Definition. Let $M$ be a smooth manifold with or without boundary, $\pi: E \to M$ a vector bundle of rank $k$, $A \subseteq M$ an arbitrary subset and $\sigma: A \to E$ a rough section, i.e. a map (not necessarily continuous) such that $\pi\circ\sigma = Id_A$. We say $\sigma$ is smooth if $\sigma$ extends to a smooth local section of E in a neighborhood of each point.
See Definition of smoothness to have some context about the definition of smoothness along arbitrary subsets.
And this is what I'm thinking.
Theorem 1. Let $M$ be a smooth manifold with or without boundary, $A \subseteq M$ an arbitrary subset and $k \in \mathbb{N}$. If $f: A \to \mathbb{R}^k$ is smooth then there exist an open neighborhood $U$ of $A$ and a smooth extension $\overline{f}: U \to \mathbb{R}^k$ of $f$.

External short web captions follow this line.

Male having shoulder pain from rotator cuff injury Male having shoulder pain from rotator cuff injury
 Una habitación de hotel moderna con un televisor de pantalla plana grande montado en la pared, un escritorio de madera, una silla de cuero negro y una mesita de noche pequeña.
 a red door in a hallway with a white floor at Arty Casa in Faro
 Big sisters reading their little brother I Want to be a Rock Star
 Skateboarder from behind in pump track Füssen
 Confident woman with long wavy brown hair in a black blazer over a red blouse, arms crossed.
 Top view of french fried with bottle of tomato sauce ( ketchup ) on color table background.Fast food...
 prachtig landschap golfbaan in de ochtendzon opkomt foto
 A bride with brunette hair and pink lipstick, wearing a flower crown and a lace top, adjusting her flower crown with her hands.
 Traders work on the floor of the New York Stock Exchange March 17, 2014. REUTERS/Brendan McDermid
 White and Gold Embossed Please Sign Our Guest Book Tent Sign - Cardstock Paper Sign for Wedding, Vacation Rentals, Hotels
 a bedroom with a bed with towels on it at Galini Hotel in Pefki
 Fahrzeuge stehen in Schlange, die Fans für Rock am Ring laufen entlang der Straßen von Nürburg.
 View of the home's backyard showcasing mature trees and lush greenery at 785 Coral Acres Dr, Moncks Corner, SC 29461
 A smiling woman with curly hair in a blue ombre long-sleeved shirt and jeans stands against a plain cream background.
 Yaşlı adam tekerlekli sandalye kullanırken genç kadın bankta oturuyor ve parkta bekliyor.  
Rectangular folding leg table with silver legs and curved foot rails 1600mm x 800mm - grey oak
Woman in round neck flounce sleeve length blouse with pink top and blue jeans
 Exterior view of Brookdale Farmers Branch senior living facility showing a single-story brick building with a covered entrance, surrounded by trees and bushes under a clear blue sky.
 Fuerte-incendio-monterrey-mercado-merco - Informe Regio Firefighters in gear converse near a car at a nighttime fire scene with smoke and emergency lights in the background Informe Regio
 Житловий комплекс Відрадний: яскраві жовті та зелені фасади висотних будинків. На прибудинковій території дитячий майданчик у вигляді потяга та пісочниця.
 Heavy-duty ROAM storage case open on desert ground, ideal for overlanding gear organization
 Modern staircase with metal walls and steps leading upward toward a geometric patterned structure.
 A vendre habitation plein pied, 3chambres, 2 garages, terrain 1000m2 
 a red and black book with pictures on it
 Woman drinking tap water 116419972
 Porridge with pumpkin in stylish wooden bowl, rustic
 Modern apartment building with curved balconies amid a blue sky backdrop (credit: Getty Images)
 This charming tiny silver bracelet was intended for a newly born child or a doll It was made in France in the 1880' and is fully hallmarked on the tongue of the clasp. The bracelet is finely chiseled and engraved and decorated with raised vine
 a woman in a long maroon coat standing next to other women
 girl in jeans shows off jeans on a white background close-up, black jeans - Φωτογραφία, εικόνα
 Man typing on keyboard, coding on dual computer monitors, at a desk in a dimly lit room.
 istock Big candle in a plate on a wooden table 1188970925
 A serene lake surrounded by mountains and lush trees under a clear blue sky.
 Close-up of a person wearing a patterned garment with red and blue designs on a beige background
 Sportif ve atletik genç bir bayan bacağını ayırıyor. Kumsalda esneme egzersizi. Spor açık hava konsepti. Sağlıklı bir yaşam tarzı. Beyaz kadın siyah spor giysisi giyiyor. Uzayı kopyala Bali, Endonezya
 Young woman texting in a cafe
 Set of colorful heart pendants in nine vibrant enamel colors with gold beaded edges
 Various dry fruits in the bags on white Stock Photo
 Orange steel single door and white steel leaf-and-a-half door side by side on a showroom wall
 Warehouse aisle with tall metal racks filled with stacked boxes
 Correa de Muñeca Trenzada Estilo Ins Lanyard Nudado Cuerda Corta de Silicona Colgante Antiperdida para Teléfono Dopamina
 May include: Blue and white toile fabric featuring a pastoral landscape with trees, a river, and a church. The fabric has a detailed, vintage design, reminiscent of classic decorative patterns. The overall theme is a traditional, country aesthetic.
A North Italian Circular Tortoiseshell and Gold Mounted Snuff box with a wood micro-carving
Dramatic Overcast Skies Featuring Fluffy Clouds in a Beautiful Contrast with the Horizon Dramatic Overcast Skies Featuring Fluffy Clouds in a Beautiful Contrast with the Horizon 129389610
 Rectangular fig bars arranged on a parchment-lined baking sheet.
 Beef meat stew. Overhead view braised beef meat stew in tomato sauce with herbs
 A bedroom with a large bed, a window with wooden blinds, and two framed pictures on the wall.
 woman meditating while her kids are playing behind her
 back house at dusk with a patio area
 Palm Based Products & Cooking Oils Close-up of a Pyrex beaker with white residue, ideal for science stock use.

Proof. Use partitions of unity.
Theorem 2. Let $M$ be a smooth manifold with or without boundary, $\pi: E \to M$ a vector bundle of rank $k$, $(\sigma_1, \dots, \sigma_k)$ a local frame for $E$ over the open subset $U \subseteq M$, $A \subseteq U$ an arbitrary subset and $\sigma: A \to E$ a rough section. Write $\sigma = \tau^i\sigma_i$ for some component functions $\tau^i: A \to \mathbb{R}$. Then $\sigma$ is smooth if and only if all $\tau^i$ are smooth. Furthermore, if $\sigma$ is smooth then there exists a neighborhood $W$ of $A$ and a smooth extension $\overline{\sigma}: W \to E$ of $\sigma$ which is a section such that $W \subseteq U$.
Proof. The first part is just following the definitions (but being careful of using the right definition of smoothness for arbitrary subsets of smooth manifolds with boundary). For the second part, assume $\tau = (\tau^1, \dots, \tau^k): A \to \mathbb{R}^k$ is smooth. By Theorem 1., there exists a neighborhood $W$ of $A$ and a smooth extension $\overline{\tau}: W \to \mathbb{R}^k$ of $\tau$ such that $W \subseteq U$. Now simply define $\overline{\sigma} = \overline{\tau}^i\sigma_i$. This is a smooth section and extends $\sigma$.
Theorem 3. Let $M$ be a smooth manifold with or without boundary, $\pi: E \to M$ a vector bundle of rank $k$, $A \subseteq M$ an arbitrary subset and $\sigma: A \to E$ a rough section. If $\sigma$ is smooth then there exists an open neighborhood $U$ of $A$ and a smooth extension $\overline{\sigma}: U \to E$ of $\sigma$ which is a section.
Proof. By Theorem 2., we can pick for each $p \in A$, a neighborhood $U_p$ of $p$ and a smooth extension $\overline{\sigma}_p: U_p \to E$ of $\sigma|_{A \cap U_p}$ which is a section. Now pick a smooth partitions of unity $(\psi_p)_{p \in A}$ subordinated to the open cover $(U_p)_{p \in A}$ of $U = \bigcup_{p \in A}U_p$. Now define \begin{equation*} \overline{\sigma}(x) = \sum_{p \in A}\psi_p(x)\overline{\sigma}_p(x), \end{equation*} for $x \in U$. This is a smooth section and extends $\sigma$.